The world has been destroyed, the heroes have been destroyed – the question remains, can anything else be destroyed? It turns out that for the creators of Evolution, this is not a problem at all. They take away from the original what was its hallmark: great, dynamically led fight scenes. Movement made Toriyama’s sketches almost burst out of the limiting fragments of the pages! This aspect

was not overlooked in the anime based on the manga either. And in Evolution? The fight is limited to a few flashes and stiff kicks because space had to be made for this extremely deep theme of growing up, of being real and accepted by society and, above all, by the chosen one, the man.

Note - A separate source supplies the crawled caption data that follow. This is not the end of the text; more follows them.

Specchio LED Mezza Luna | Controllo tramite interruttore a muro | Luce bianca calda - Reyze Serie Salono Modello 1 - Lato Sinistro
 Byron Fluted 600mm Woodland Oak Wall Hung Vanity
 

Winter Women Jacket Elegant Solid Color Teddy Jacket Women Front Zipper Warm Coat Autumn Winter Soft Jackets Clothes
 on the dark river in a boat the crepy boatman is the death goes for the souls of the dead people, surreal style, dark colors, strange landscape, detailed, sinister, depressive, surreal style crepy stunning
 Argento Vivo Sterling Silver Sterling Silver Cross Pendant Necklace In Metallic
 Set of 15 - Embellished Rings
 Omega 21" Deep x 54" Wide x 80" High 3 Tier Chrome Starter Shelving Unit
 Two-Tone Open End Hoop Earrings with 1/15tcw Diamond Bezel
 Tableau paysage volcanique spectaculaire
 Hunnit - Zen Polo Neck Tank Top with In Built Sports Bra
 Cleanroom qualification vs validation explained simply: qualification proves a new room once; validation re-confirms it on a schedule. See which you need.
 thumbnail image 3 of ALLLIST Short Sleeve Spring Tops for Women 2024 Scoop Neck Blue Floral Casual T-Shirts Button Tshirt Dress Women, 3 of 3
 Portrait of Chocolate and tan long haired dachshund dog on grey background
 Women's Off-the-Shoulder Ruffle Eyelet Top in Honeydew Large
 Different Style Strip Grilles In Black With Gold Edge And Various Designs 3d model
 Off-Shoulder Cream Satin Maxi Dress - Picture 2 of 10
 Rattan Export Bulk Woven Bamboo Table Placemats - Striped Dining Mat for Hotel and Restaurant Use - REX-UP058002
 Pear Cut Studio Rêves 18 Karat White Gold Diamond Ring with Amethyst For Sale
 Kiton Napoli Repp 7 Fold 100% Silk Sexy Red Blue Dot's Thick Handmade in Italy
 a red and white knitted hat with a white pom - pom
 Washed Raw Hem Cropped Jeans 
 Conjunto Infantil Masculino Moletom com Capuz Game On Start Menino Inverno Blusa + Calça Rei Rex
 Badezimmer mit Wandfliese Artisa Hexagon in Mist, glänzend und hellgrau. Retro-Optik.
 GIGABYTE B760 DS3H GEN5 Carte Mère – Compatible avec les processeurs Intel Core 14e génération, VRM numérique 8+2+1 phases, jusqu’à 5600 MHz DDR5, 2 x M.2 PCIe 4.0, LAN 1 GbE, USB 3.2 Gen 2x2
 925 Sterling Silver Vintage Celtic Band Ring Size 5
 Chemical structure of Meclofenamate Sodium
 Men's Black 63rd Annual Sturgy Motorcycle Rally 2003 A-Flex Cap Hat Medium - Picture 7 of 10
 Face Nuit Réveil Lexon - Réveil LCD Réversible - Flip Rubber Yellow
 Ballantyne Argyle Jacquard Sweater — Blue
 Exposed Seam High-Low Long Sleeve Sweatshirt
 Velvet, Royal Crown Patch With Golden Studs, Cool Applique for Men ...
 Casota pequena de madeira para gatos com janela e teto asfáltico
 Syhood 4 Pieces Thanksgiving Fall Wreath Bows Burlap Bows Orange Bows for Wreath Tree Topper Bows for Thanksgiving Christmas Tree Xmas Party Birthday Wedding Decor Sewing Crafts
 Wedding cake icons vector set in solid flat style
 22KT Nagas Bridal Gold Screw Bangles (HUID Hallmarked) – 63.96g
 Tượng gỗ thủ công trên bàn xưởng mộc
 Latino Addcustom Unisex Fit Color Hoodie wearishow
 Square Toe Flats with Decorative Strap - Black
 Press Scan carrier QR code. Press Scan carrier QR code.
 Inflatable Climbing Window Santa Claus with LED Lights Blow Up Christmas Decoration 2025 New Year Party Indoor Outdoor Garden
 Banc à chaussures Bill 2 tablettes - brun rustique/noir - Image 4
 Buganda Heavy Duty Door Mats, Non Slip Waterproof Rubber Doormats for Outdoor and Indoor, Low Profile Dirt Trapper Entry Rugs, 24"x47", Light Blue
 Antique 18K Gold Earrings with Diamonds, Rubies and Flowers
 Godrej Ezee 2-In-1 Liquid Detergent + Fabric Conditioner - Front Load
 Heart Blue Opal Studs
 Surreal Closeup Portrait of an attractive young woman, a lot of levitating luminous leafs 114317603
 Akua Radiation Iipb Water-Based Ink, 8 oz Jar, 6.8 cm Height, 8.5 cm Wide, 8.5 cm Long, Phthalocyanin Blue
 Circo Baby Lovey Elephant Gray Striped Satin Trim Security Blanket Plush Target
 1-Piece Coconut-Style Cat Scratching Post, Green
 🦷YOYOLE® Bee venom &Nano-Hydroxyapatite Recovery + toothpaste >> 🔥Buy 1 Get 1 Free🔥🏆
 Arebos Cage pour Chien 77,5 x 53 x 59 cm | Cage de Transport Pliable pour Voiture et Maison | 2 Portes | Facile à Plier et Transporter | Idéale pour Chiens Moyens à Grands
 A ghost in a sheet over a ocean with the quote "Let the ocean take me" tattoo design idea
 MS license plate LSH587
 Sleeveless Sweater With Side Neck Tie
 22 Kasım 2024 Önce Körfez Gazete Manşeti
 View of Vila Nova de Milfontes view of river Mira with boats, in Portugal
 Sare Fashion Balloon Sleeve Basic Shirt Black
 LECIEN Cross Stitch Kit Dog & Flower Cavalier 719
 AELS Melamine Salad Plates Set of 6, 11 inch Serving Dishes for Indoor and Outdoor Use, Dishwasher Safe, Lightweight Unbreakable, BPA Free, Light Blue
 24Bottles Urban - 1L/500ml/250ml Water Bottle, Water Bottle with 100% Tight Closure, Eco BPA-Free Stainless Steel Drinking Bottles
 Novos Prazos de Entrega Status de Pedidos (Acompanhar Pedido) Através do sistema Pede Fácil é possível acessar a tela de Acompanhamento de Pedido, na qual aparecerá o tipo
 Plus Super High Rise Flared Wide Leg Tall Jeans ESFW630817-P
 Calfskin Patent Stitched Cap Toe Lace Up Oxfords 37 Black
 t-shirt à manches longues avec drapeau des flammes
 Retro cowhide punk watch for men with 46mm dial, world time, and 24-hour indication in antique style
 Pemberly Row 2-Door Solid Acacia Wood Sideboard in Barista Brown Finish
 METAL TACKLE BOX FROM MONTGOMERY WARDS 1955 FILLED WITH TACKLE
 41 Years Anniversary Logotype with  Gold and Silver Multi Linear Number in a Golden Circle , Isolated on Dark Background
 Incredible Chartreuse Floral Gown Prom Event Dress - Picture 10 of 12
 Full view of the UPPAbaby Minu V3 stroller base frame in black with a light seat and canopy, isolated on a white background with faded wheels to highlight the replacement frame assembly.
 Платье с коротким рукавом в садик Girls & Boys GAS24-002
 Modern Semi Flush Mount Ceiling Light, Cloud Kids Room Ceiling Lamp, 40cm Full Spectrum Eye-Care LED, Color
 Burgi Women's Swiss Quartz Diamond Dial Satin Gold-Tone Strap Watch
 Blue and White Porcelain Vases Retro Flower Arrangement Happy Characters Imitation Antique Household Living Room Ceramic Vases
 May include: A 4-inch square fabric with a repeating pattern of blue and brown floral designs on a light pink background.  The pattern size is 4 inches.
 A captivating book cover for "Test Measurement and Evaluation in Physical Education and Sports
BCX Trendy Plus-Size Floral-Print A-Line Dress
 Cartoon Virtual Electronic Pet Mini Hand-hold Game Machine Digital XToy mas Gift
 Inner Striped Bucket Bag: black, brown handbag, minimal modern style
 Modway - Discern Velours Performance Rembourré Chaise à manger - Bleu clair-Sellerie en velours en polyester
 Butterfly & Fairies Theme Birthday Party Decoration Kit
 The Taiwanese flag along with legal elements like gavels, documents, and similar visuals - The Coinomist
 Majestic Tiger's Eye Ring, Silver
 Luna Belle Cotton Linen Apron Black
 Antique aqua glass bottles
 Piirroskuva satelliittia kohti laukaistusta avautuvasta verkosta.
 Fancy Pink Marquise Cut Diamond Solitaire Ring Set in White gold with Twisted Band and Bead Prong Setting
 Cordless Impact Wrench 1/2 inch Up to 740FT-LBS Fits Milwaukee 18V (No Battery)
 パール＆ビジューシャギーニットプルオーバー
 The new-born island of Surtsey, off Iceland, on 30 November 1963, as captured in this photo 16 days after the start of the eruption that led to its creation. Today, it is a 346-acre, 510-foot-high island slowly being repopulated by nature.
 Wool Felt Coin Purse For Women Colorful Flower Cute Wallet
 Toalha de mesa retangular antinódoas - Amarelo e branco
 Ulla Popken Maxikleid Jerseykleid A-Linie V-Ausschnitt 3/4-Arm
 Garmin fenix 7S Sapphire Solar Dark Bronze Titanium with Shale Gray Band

Once again, the magic of the original has been destroyed. And as much as I can forgive the Taiwanese producers for The Magic Begins because probably as much was spent on its production as the average Pole spends on breakfast, I won’t forgive the creators of Evolution. They made a lousy movie about clowns in colorful clothes, aiming to give the series a deeper meaning. Apparently, they haven’t seen animated theatrical films, with Trunks Special at the forefront – in it, it was most fully shown how much can be drawn from a supposedly banal story. Let’s hope that they’ll catch up before the next installment. Yes, unfortunately, they are planning another part. Nevertheless, I don’t predict a bright future for the whole endeavor. I am convinced that “Dragon Ball” and live-action film mutually exclude each other because what I saw was not an evolution but an extreme regression from the original.